Work order: Copy the records below exactly as they stand. Leave out the pictures.

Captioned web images
• • •

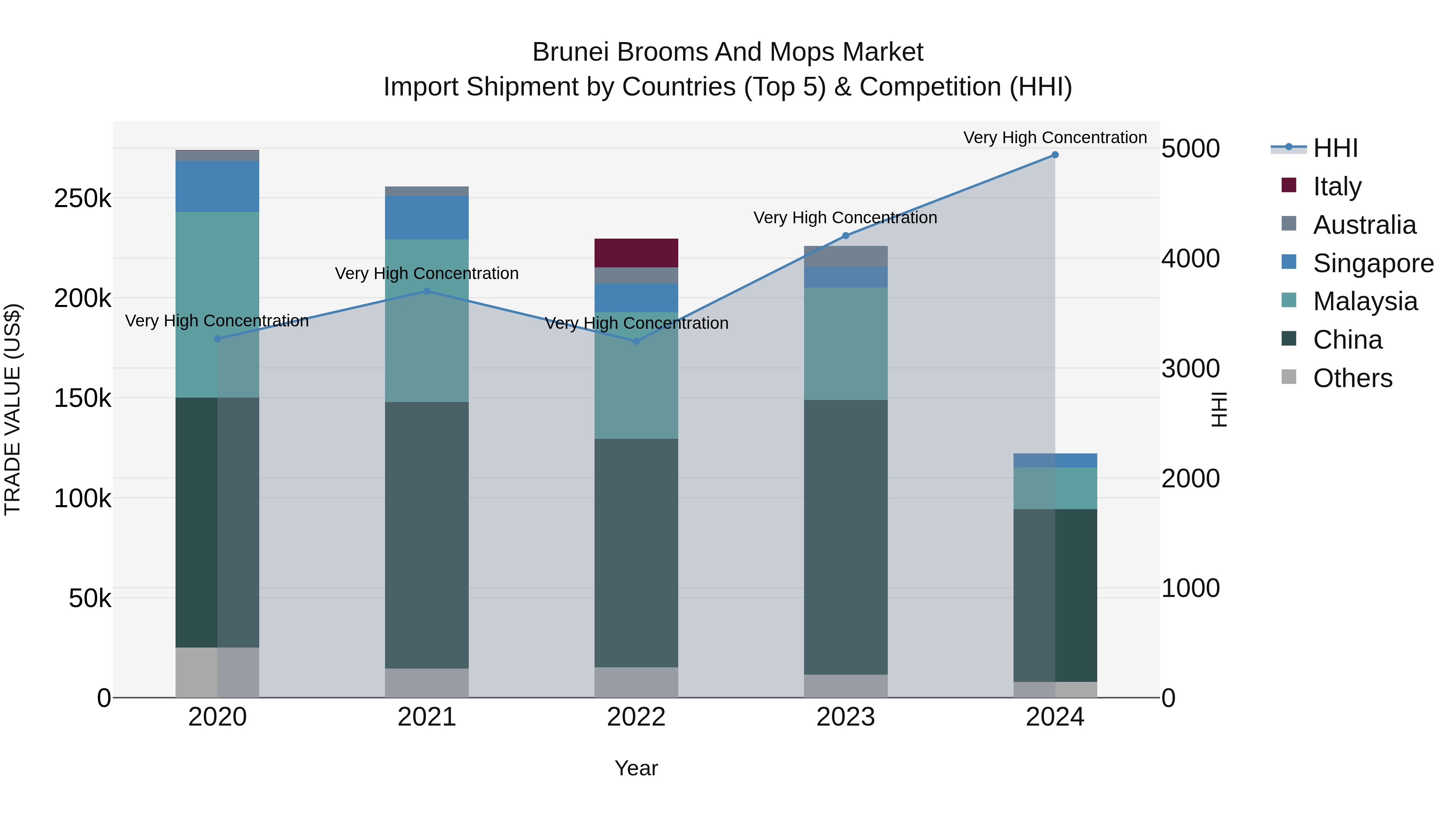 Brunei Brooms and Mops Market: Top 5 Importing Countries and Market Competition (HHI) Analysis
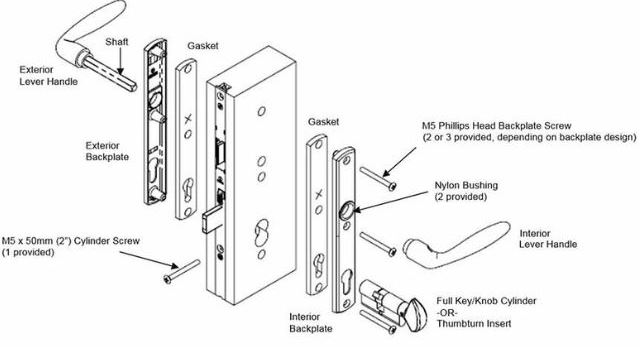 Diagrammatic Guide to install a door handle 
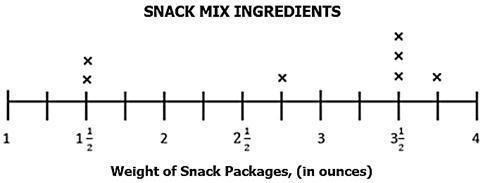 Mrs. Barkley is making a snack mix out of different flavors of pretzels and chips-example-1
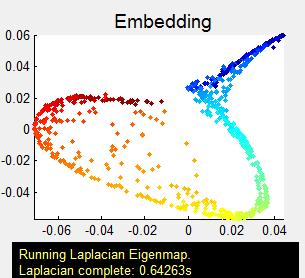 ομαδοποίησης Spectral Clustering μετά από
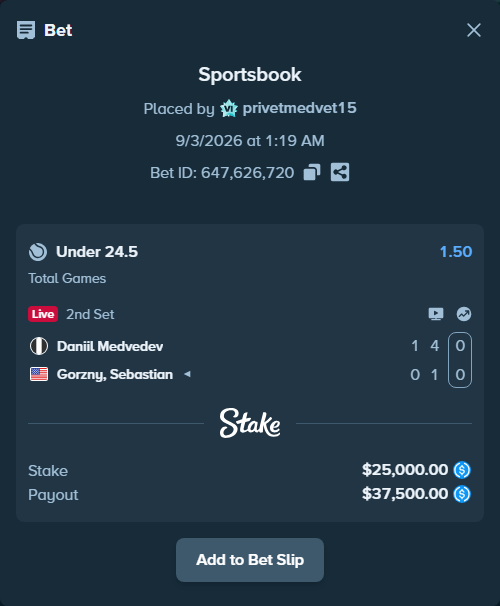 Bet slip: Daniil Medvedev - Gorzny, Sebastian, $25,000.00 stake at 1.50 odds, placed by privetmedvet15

• • •

Task solution:
 Brunei Brooms and Mops Market: Top 5 Importing Countries and Market Competition (HHI) Analysis
 Diagrammatic Guide to install a door handle 
 Mrs. Barkley is making a snack mix out of different flavors of pretzels and chips-example-1
 ομαδοποίησης Spectral Clustering μετά από
 Bet slip: Daniil Medvedev - Gorzny, Sebastian, $25,000.00 stake at 1.50 odds, placed by privetmedvet15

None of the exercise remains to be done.